[Data extracted from a collection]

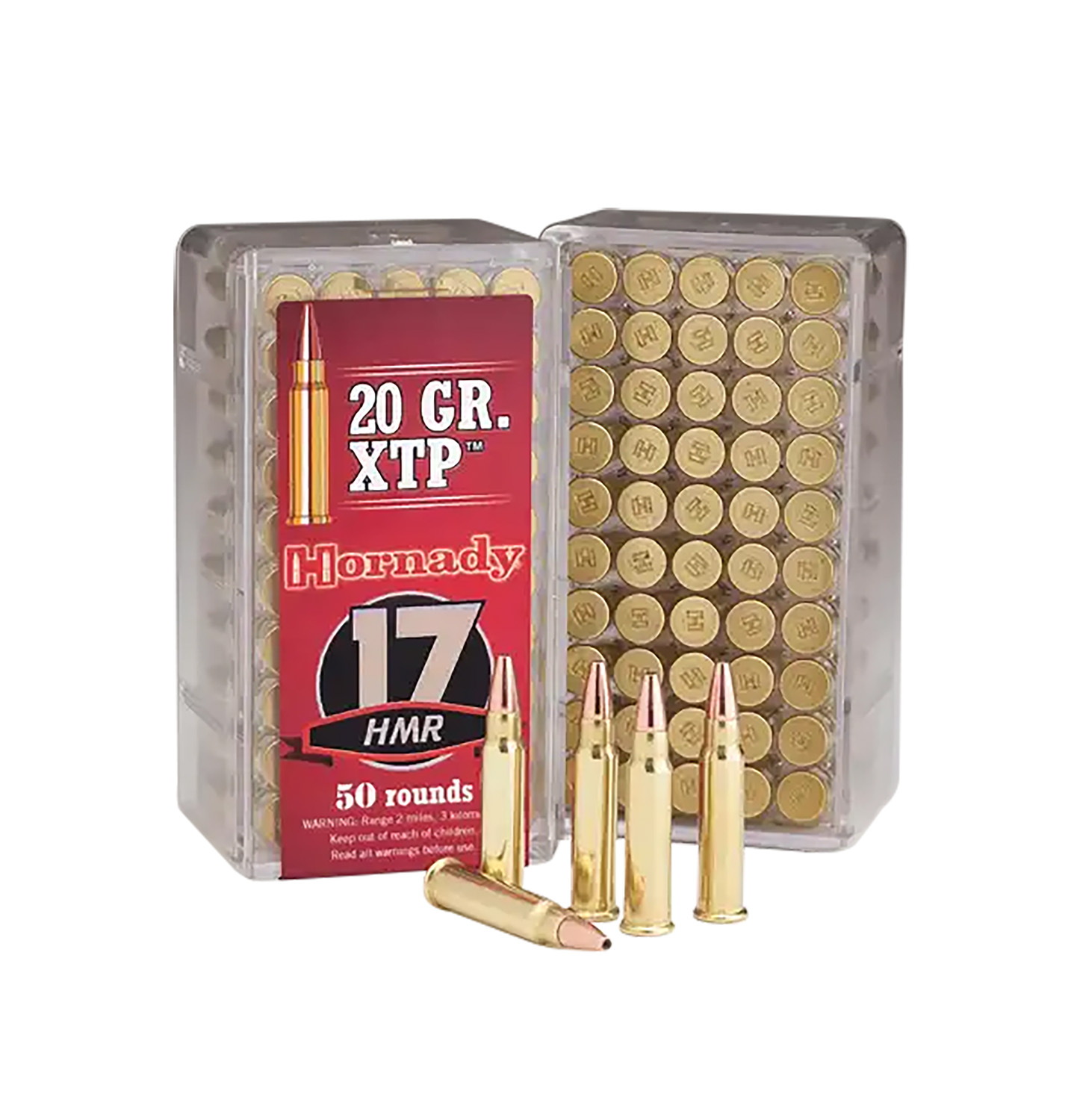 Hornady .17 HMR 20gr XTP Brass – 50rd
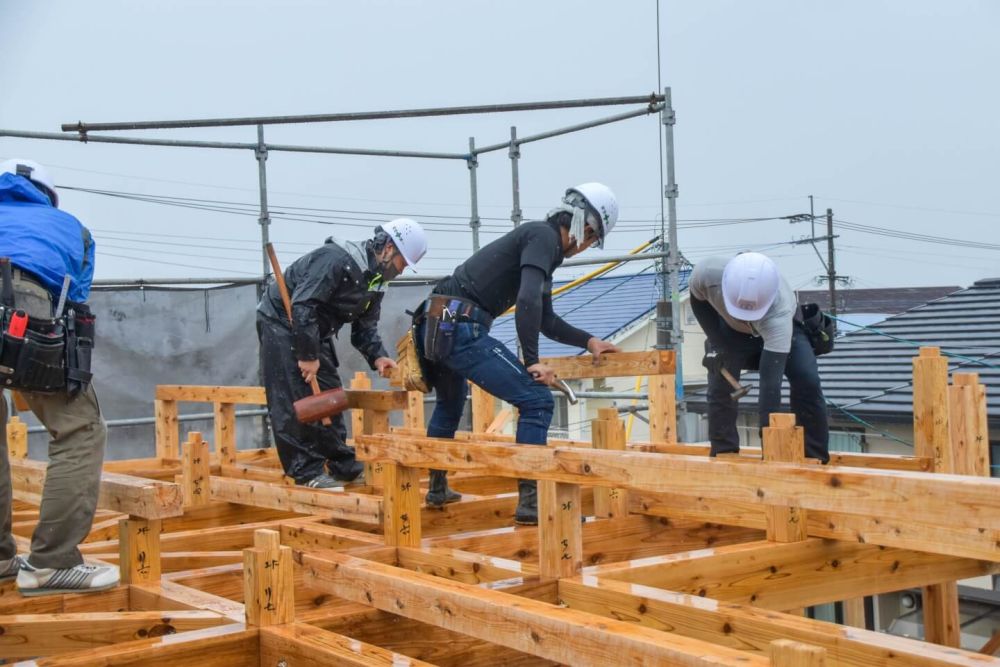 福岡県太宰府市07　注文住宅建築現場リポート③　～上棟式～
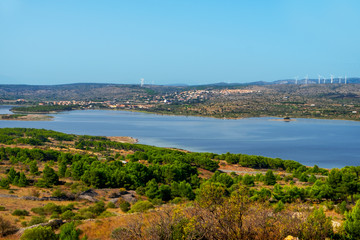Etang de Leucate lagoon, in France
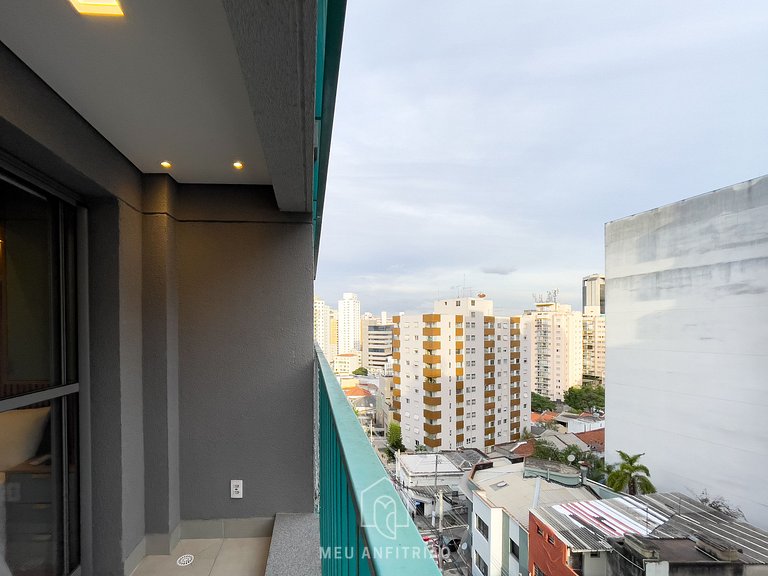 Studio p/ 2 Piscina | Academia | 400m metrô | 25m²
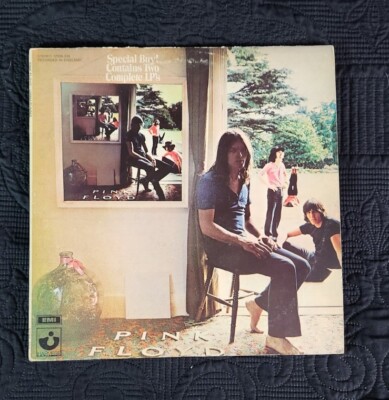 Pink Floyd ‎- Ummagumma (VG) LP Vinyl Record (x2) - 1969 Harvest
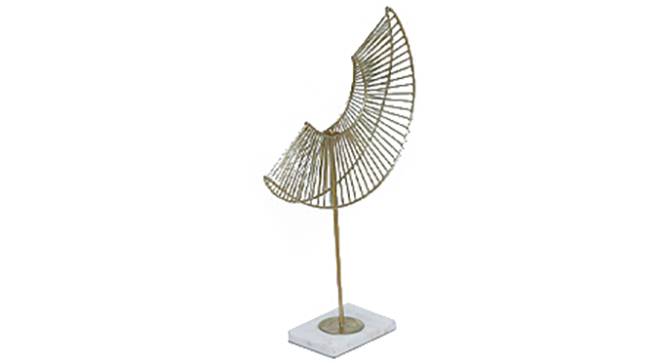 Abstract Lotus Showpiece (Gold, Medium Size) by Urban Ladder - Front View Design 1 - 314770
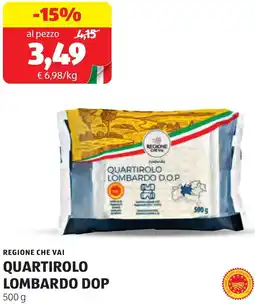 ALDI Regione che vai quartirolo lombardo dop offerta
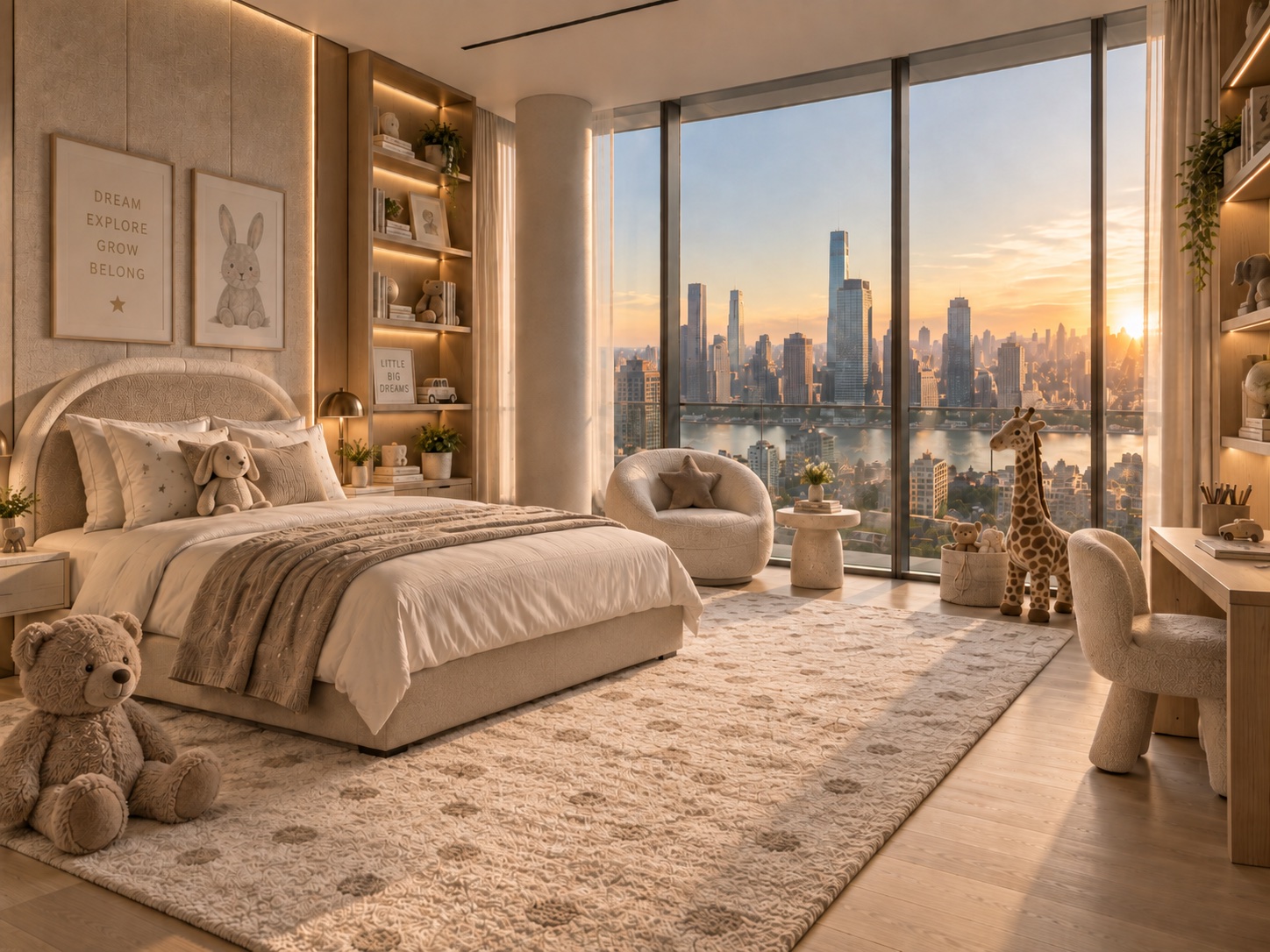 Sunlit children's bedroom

• Exercise requirements:
Beginning at the line that contains "福岡県太宰府市07　注文住宅建築現場リポート③　～上棟式～" and ending at the last line of the data, return each line exactly; no picture belongs in the copy.

• Output of the task:
 福岡県太宰府市07　注文住宅建築現場リポート③　～上棟式～
Etang de Leucate lagoon, in France
 Studio p/ 2 Piscina | Academia | 400m metrô | 25m²
 Pink Floyd ‎- Ummagumma (VG) LP Vinyl Record (x2) - 1969 Harvest
 Abstract Lotus Showpiece (Gold, Medium Size) by Urban Ladder - Front View Design 1 - 314770
 ALDI Regione che vai quartirolo lombardo dop offerta
 Sunlit children's bedroom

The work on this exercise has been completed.